**Task objective:** Your copy should contain exactly the lines from the start of the listing through the line that holds "Lincoln Navigator 4dr 4WD Ultimate 2006", and no pictures.

**Listed records:**
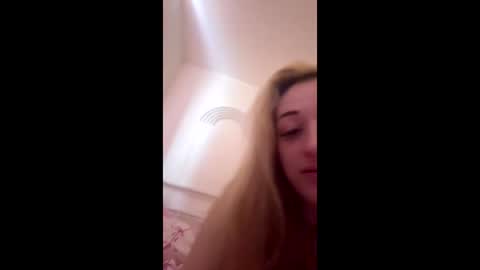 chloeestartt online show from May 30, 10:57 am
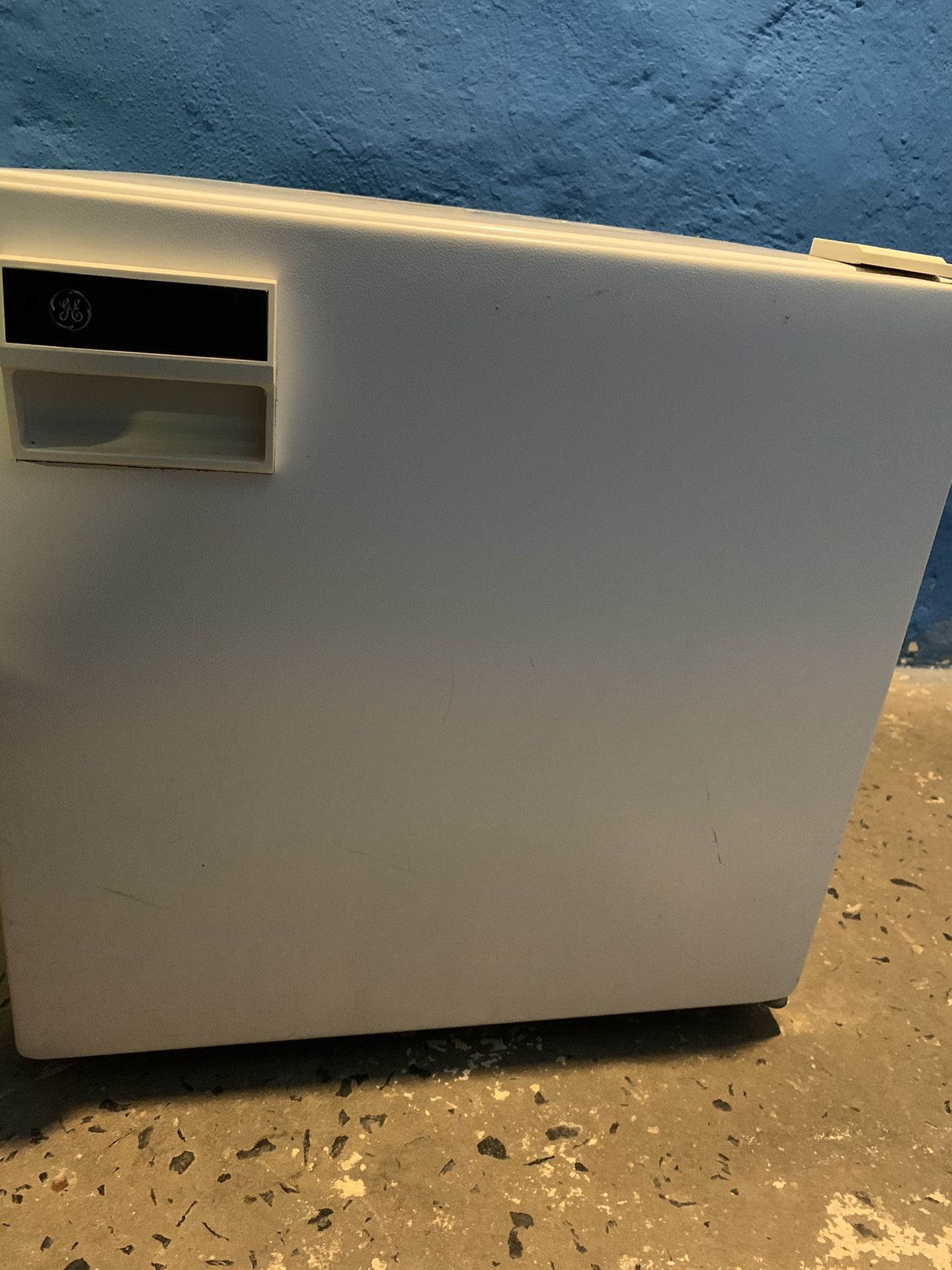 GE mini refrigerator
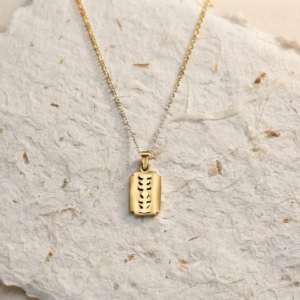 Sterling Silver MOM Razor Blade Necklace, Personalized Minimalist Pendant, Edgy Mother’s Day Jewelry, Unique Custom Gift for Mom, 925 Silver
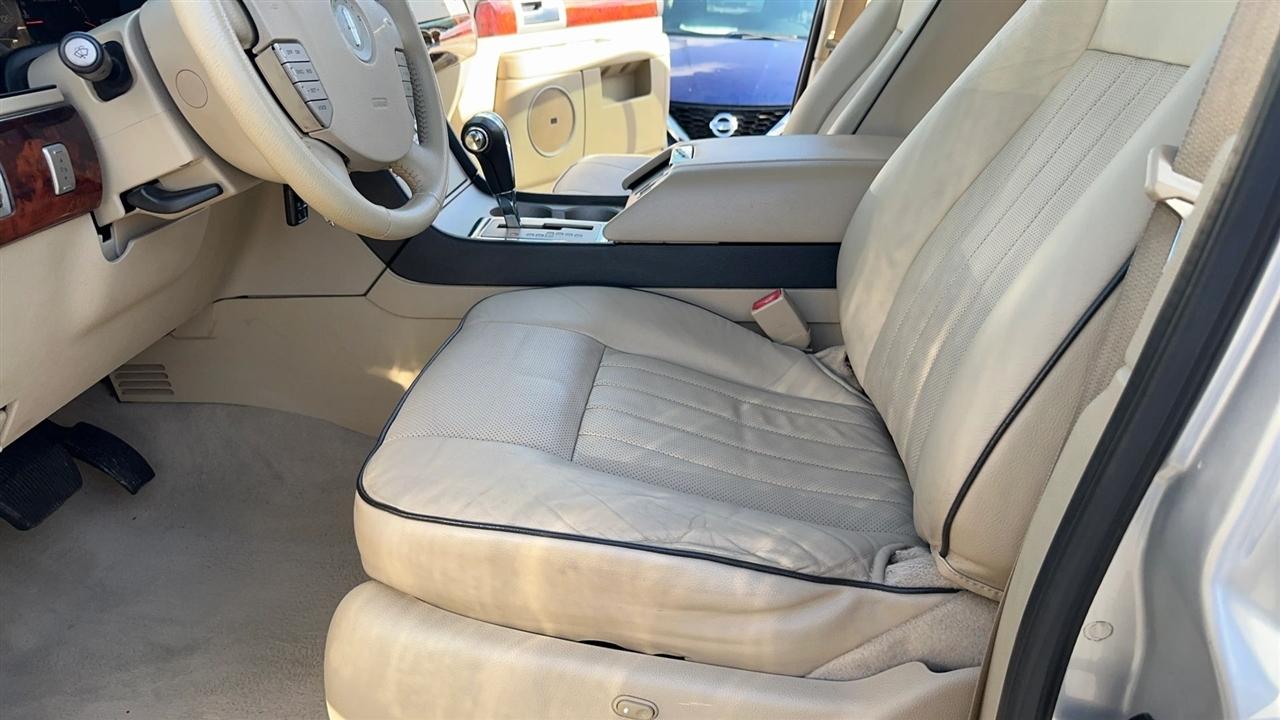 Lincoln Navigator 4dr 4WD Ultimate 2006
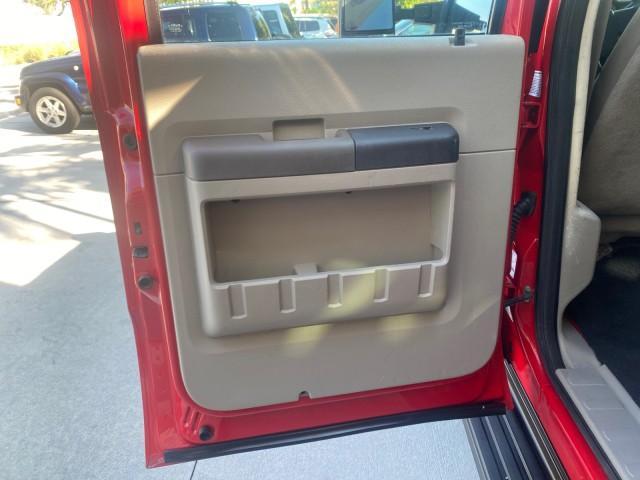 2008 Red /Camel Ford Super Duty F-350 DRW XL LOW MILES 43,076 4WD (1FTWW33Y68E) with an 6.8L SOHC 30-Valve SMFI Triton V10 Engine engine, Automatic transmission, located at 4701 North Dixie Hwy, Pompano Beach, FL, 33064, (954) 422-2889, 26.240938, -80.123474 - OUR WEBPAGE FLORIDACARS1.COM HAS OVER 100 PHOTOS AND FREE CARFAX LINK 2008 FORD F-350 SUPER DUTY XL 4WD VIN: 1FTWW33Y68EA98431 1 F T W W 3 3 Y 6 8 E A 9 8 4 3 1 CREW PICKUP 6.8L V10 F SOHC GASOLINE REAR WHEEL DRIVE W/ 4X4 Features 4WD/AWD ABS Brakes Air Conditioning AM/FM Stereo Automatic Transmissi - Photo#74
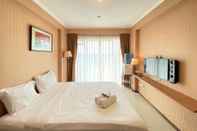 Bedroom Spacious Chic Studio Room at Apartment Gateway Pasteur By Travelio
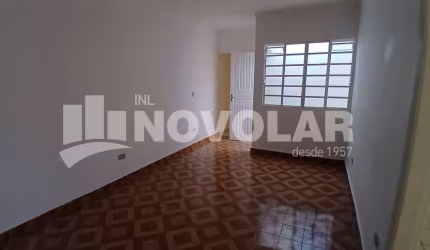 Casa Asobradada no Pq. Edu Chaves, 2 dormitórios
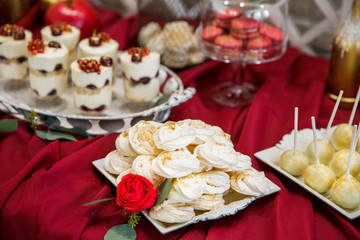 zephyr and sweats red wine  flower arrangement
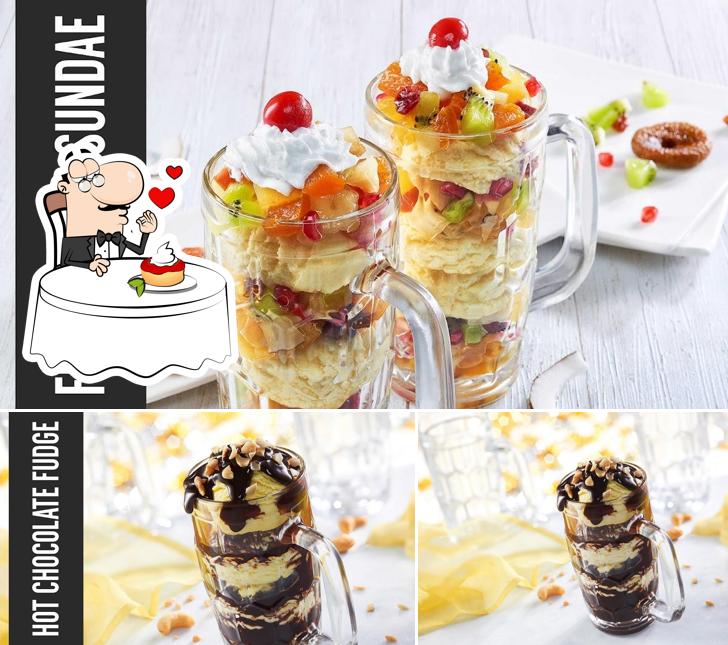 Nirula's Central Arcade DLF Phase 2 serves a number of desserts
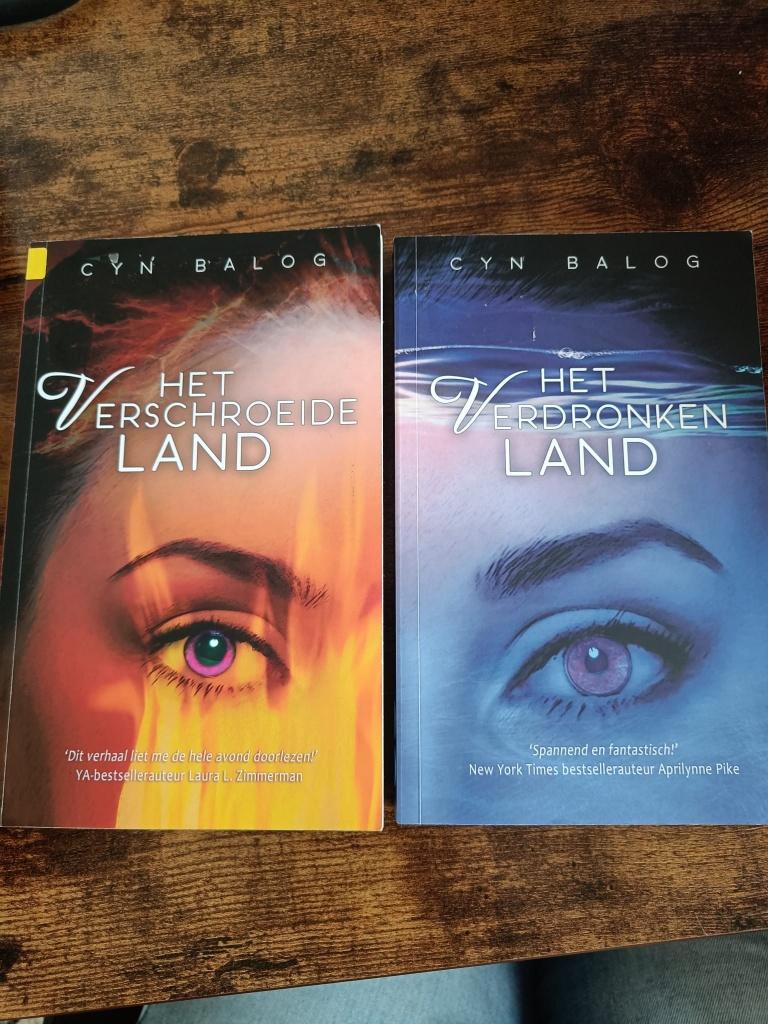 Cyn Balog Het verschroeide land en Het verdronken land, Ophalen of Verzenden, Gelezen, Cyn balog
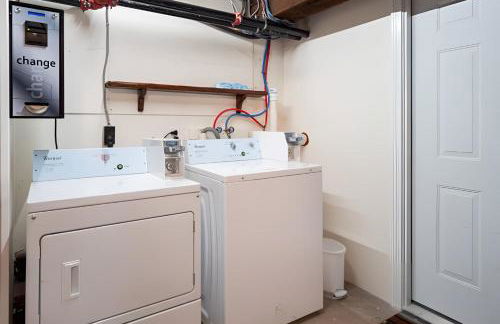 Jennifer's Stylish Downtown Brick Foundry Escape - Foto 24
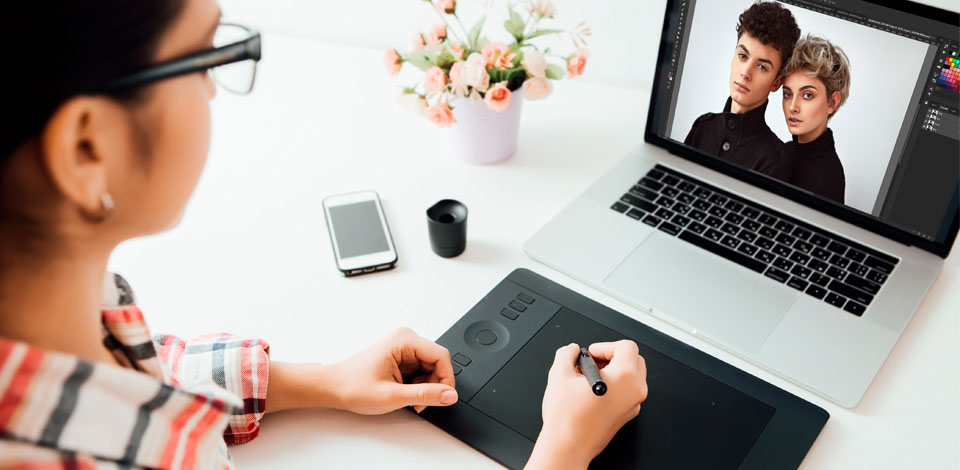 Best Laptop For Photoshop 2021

**Worked solution:**
 chloeestartt online show from May 30, 10:57 am
 GE mini refrigerator
 Sterling Silver MOM Razor Blade Necklace, Personalized Minimalist Pendant, Edgy Mother’s Day Jewelry, Unique Custom Gift for Mom, 925 Silver
 Lincoln Navigator 4dr 4WD Ultimate 2006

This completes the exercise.